Judas e o Alto Preço da Traição

A traição é um vício pernicioso e com alcance poderosíssimo para destruir vidas. Ela mina os relacionamentos e cria profundas inimizades entre as pessoas. A traição tem o poder de repelir as amizades duradouras, afastar as pessoas umas das outras, arruinar relacionamentos saudáveis, cessar o amor e, por fim, em última instância, matar. A traição é um repositório fértil de toda a sorte de pecados existenciais e existentes no mundo, que se vai desdobrando na desconsideração do outro, na humilhação, na infidelidade, na hipocrisia, na mentira, na manipulação, no egoísmo, no materialismo, na cobiça, no homicídio, na maldade e na malignidade. A traição é um cancro incurável e, concomitantemente, mortal no seu substrato. Ela é diabólica, a todos os níveis, e um dos piores malefícios que o ser humano herdou do pecado original no início da criação. 

A traição, por infelicidade nossa, não anda solta e nem vive sozinha. Ela é gregária e convive com pessoas. Não se pode falar da traição sem falar dos traidores e traídos. A traição envolve sempre pessoas e terceiros – dois ou mais. Todos nós, sem excepção, em alguma fase da nossa vida, tivemos de lidar com a traição. Pode ser na qualidade passiva de traídos ou, inversamente, na qualidade activa de traidores. Não há ninguém que esteja no seu perfeito juízo que desconheça liminarmente o significado da traição e as suas nefastas implicações humano-antropológicas, mormente na vida de quem foi vítima dela. 

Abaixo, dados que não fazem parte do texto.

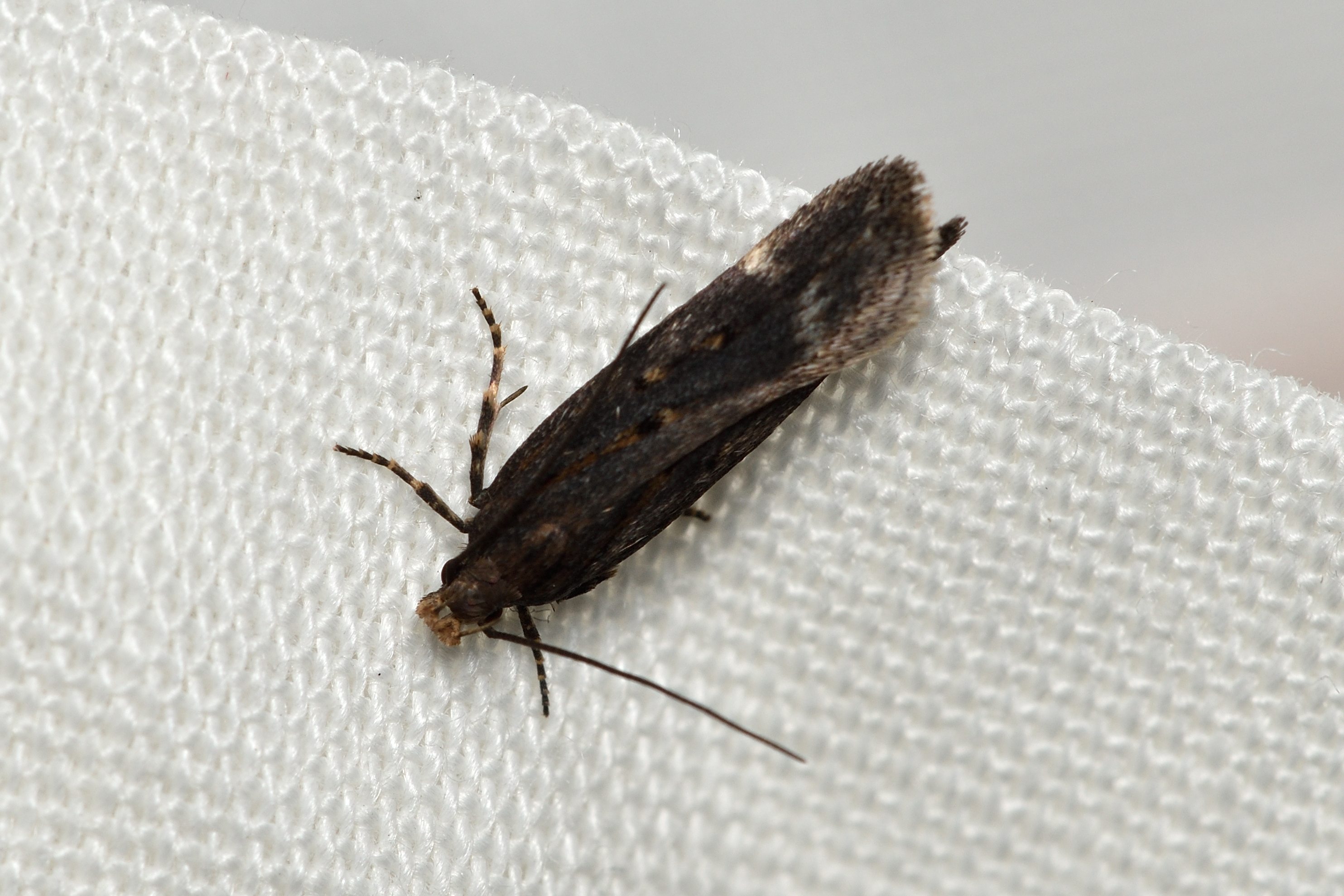 Oxypteryx atrella - orbáncfű-sarlósmoly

Podemos definir a traição, de forma abreviada e subsumida, como sendo uma atitude deliberada de deslealdade em quem se deposita a genuína confiança, mediante uma aliança. Por outras palavras, é praticar aleivosia. Chama-se traidor àquele que viola de forma consciente e prejudicial um compromisso firmado com o seu próximo ou terceiros, gerando-lhe significativos danos psicológicos, morais, religiosos, amorosos, reputacionais, patrimoniais e materiais, etc. O traído é parte vítima da infidelidade do traidor. 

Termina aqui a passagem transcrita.